WHAT TO DO: Pictures aside, return every line below exactly as written.

STORED DATA:
------------------------------

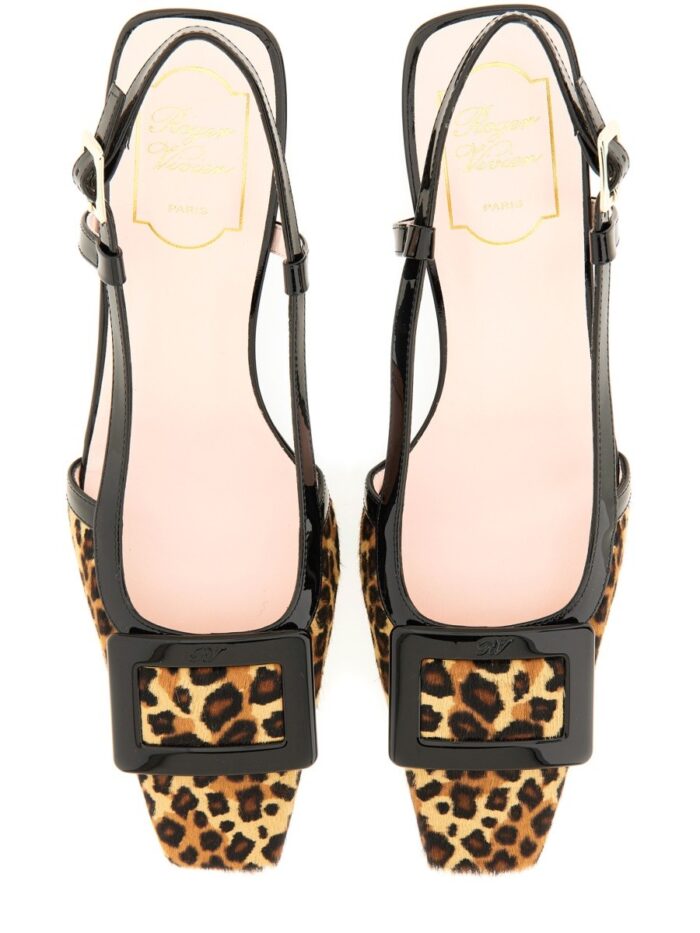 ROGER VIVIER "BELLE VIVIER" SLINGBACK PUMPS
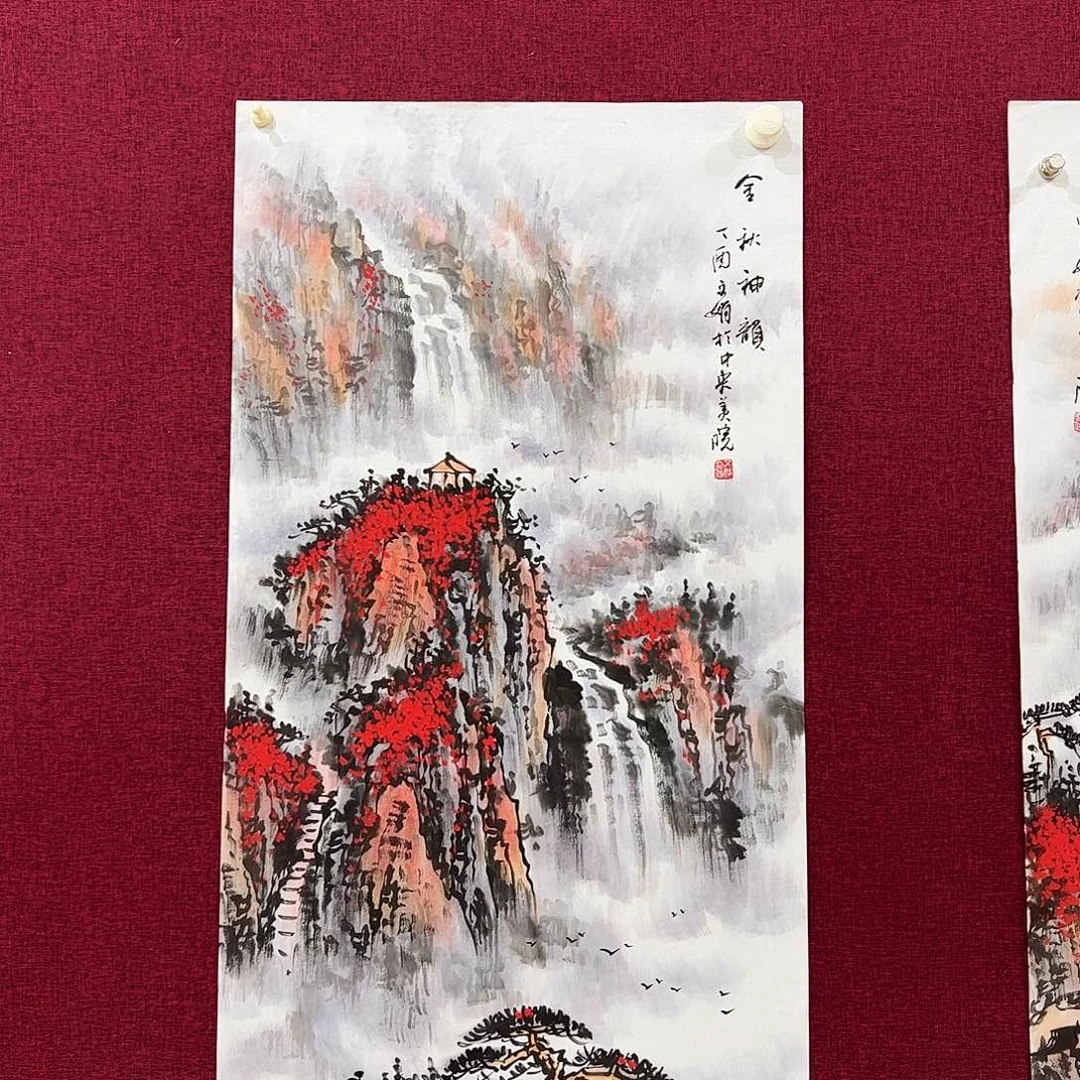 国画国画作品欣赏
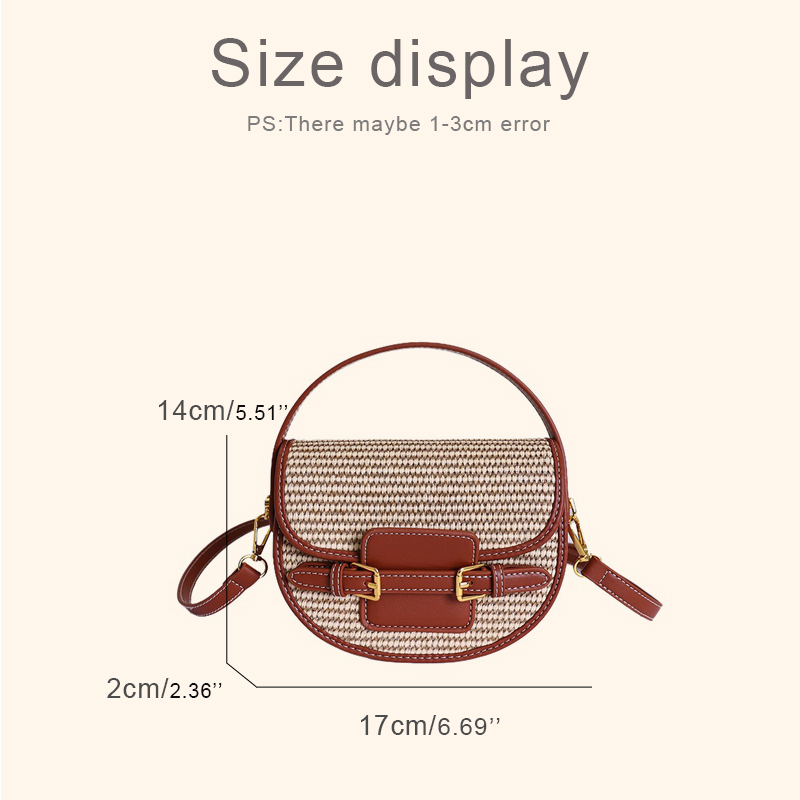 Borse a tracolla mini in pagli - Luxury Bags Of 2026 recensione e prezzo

------------------------------

ANSWER BELOW:
 ROGER VIVIER "BELLE VIVIER" SLINGBACK PUMPS
 国画国画作品欣赏
 Borse a tracolla mini in pagli - Luxury Bags Of 2026 recensione e prezzo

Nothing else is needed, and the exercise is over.